• _Task goal_
Bring together all lines from the listing below that contain the string "Building".

• _Data excerpts_
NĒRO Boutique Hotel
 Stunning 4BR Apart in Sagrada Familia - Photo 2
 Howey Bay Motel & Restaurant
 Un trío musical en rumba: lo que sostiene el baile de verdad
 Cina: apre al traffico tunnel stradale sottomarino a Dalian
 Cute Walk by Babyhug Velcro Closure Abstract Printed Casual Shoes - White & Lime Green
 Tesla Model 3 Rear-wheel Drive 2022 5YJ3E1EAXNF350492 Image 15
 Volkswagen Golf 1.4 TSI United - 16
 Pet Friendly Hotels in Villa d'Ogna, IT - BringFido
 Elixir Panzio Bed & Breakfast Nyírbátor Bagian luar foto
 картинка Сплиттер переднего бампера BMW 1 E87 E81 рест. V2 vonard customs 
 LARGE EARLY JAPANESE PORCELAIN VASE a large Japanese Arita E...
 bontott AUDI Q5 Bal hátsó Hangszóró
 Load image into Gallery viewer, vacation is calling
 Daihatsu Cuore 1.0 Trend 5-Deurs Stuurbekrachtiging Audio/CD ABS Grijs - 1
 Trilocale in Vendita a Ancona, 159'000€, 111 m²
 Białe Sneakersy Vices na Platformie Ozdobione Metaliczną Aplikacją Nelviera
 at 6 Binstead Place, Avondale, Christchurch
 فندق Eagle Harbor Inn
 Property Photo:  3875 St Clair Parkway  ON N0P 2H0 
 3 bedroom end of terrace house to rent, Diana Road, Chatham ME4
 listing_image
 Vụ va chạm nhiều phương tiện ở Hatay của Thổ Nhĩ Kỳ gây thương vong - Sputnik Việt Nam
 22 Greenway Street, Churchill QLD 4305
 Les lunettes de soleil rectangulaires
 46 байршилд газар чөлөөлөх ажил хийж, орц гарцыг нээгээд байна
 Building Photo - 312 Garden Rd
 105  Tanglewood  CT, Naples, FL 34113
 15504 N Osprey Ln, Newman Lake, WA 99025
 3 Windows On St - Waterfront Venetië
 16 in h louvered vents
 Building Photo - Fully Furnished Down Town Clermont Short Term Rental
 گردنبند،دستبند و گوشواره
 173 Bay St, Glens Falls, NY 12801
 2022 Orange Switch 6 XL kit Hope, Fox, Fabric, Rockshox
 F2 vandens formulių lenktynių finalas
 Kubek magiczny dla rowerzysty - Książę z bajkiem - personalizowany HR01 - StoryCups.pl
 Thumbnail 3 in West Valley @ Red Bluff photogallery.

• _Answer section_
 Building Photo - 312 Garden Rd
 Building Photo - Fully Furnished Down Town Clermont Short Term Rental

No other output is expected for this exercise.